Picture, 1000, words:


A HC L6 daito. I'm not bored.  :drool:

----------


## Bogdan M.

Yaeh, it's called Hadori, that's why a good polishing cost 2k bucks.

The hamon is quite simple though if you look better. The rest is make up  :Smilie: 
See
http://www.mvforge.com/l6katan.html
And then see:
http://www.ksky.ne.jp/~sumie99/togi.html

----------


## Timo Qvintus

> Yaeh, it's called Hadori, that's why a good polishing cost 2k bucks.
> 
> The hamon is quite simple though if you look better. The rest is make up 
> See
> http://www.mvforge.com/l6katan.html
> And then see:
> http://www.ksky.ne.jp/~sumie99/togi.html


Actually, I think it's the other way around.. This is what the same hamon looks like without the right light hitting it (ie. the result of hadori):


Notice how the nioi-line that defines the hamon doesn't exactly match the border of bright and dark parts of the ha/ji; the border is made by hadori.

----------


## Bogdan M.

I don't know what you're saying, I'm not that knowledgeable. But it seems to me these knowlledgeable people say that if the hadori is very well done, it's impossible to tell what is the real hamon like.

Anyway, what I wanted to say is that most of the beauty of that blade comes from the polish, who knows how an Oni would look like polished by Keith. I remember him saying that there's a lot there to be found, but they can't do it ecause it would be too expensive.

I'm just tired of people hyping things up or down I guess, that's all. And I've seen a lot of hype lately...

----------


## Benjamin P.

> ...if the hadori is very well done, it's impossible to tell what is the real hamon like.


 I've never heard or read this before... if it's true, it's news to me.  Although pretty much everything is news to me since I'm just a beginner...   :Big Grin:   But do you have any pictures where the real hamon is impossible to see underneath the polish under lighting?


> Anyway, what I wanted to say is that most of the beauty of that blade comes from the polish, who knows how an Oni would look like polished by Keith.

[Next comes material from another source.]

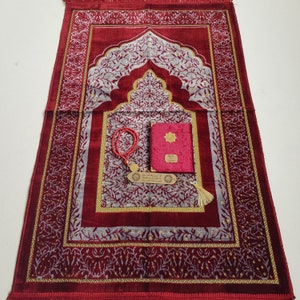 Alfombra de oración de terciopelo personalizada Corán Tasbeeh Juego de regalos / Regalo musulmán para él / Regalo Eid / Regalo de boda / Regalo de graduación / Regalo de cumpleaños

I remember him saying that there's a lot there to be found, but they can't do it ecause it would be too expensive.


From what I've read, a good and proper polish reveals and accentuates what's put there by the smith.  I guess if someone really wanted to and had the skill, he/she could simulate some wild choji on any production blade with hadori (that's the make-up like white stuff, right?)... but it won't ever change what the blade is and what the hamon actually looks like underneath.  If what you say is true, then it seems like the smith's intent doesn't matter a whole lot in the end because the polisher has final say in what the hamon will appear to be, as opposed to what it actually is....  I can't speak for the man, but I don't think that's what Keith Larman meant. 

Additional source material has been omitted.